=== Available data ===

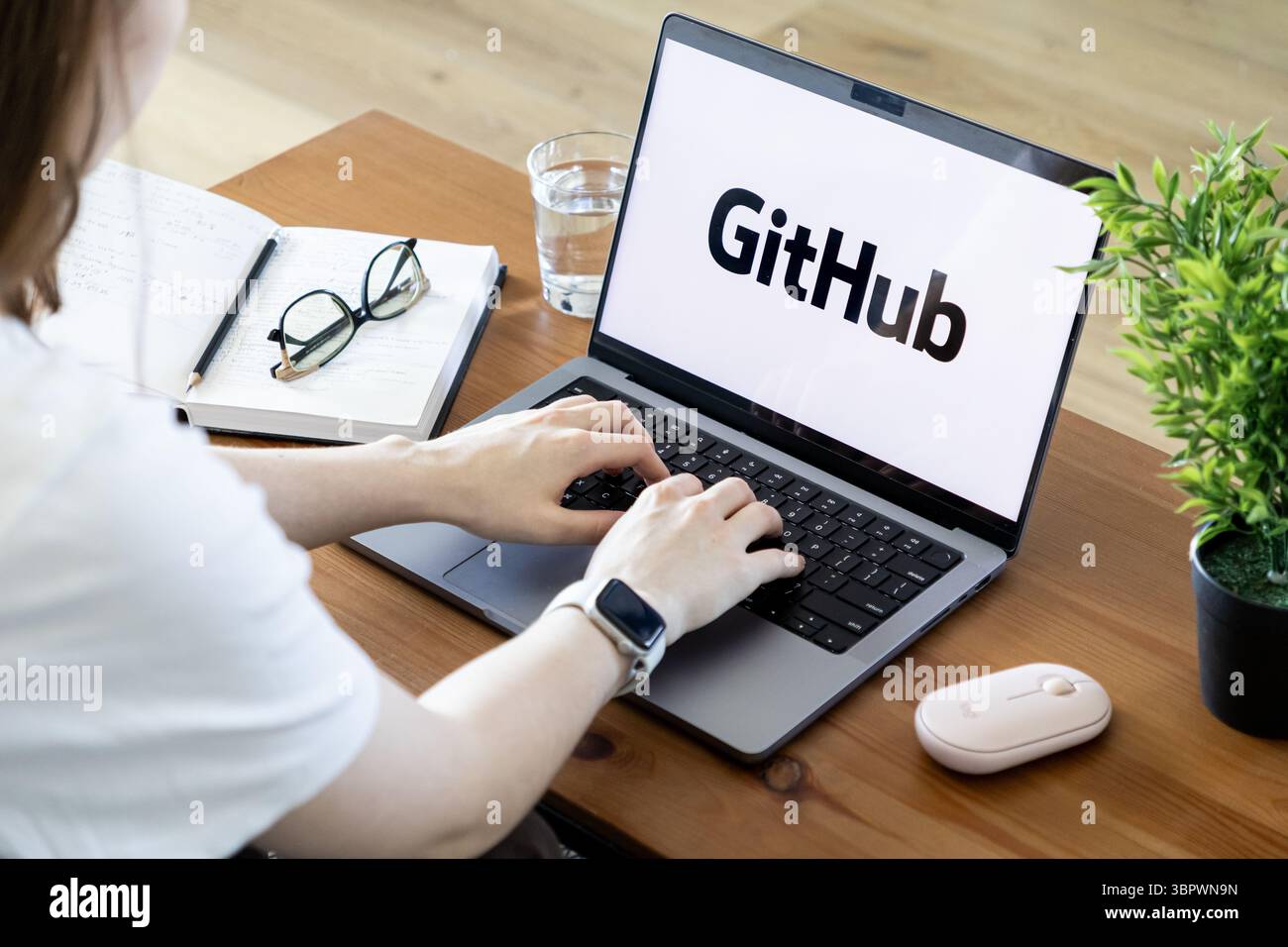Poznan, Poland - June 15, 2025: Hands typing on a laptop showing GitHub, an essential platform for collaborative software development, version control Stock Photo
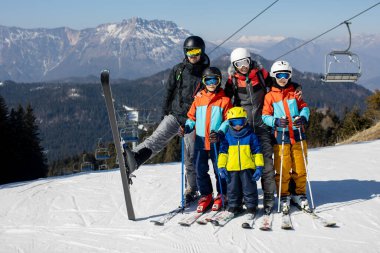 Mutlu bir aile, güneşli bir günde İtalya 'da kayak, çocuklar ve yetişkinler birlikte kayak yapıyor. Aile tatili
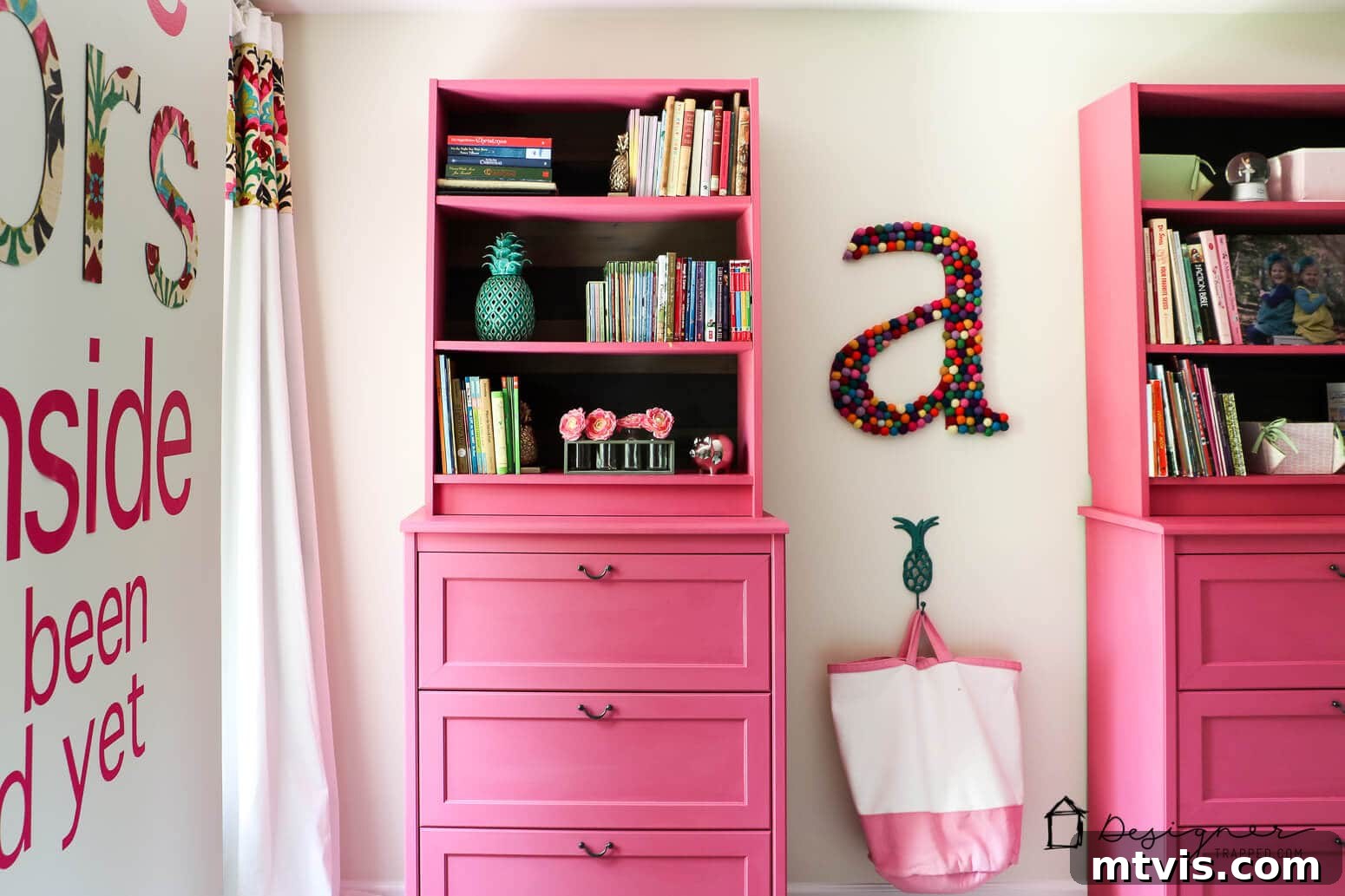 Billy Bookcase Brilliance: IKEA Hacks for Ultimate Storage 9 The finished IKEA Billy bookcase hack in a girl's room, featuring pink dressers topped with bookshelves and a vibrant felt-ball letter 'A' on the wall.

===

Exercise details: Once you find the line that contains "Mutlu bir aile, güneşli", give it again along with every later line through the end of the data, word for word, minus the pictures.

Task output:
 Mutlu bir aile, güneşli bir günde İtalya 'da kayak, çocuklar ve yetişkinler birlikte kayak yapıyor. Aile tatili
 Billy Bookcase Brilliance: IKEA Hacks for Ultimate Storage 9 The finished IKEA Billy bookcase hack in a girl's room, featuring pink dressers topped with bookshelves and a vibrant felt-ball letter 'A' on the wall.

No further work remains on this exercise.